> _How to complete this task_: Leave out any pictures and transcribe all other data below exactly.

> _The data_:
*** Block opens ***

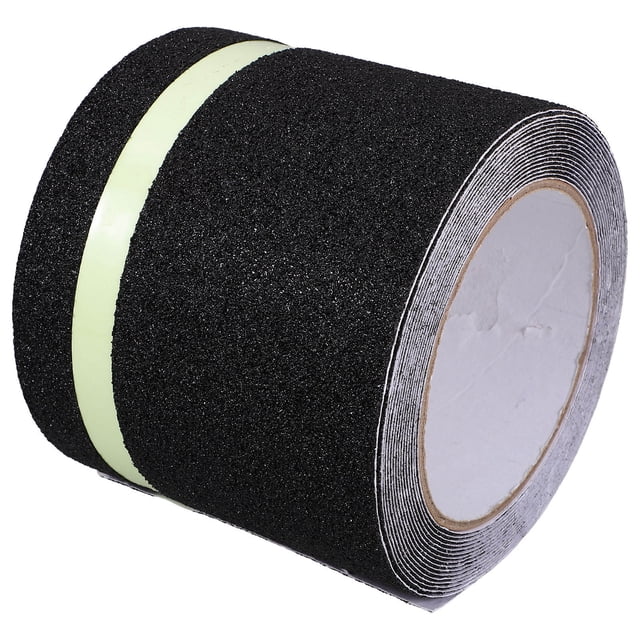 unbranded Antideslizantes Para Escaleras Con Superficie Luminosa Y Adhesivo Resistente Negro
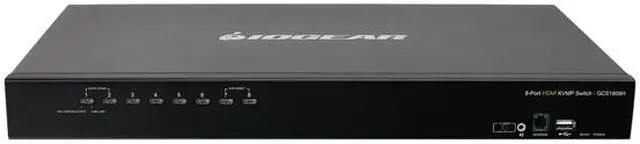 Alt view image 2 of 4 - IOGEAR GCS1808HDPKITU 8-Port USB PS/2 Combo HD DisplayPort KVM Kit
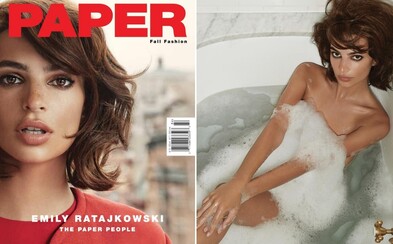 Emily Ratajkowski sa objavila na titulke magazínu Paper. Kráska si na vydarených snímkach vychutnáva kúpeľ vo vani Emily Ratajkowski sa objavila na titulke magazínu Paper. Kráska si na vydarených snímkach vychutnáva kúpeľ vo vani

*** Block closes ***

> _Answer to this task_:
 unbranded Antideslizantes Para Escaleras Con Superficie Luminosa Y Adhesivo Resistente Negro
 Alt view image 2 of 4 - IOGEAR GCS1808HDPKITU 8-Port USB PS/2 Combo HD DisplayPort KVM Kit
 Emily Ratajkowski sa objavila na titulke magazínu Paper. Kráska si na vydarených snímkach vychutnáva kúpeľ vo vani Emily Ratajkowski sa objavila na titulke magazínu Paper. Kráska si na vydarených snímkach vychutnáva kúpeľ vo vani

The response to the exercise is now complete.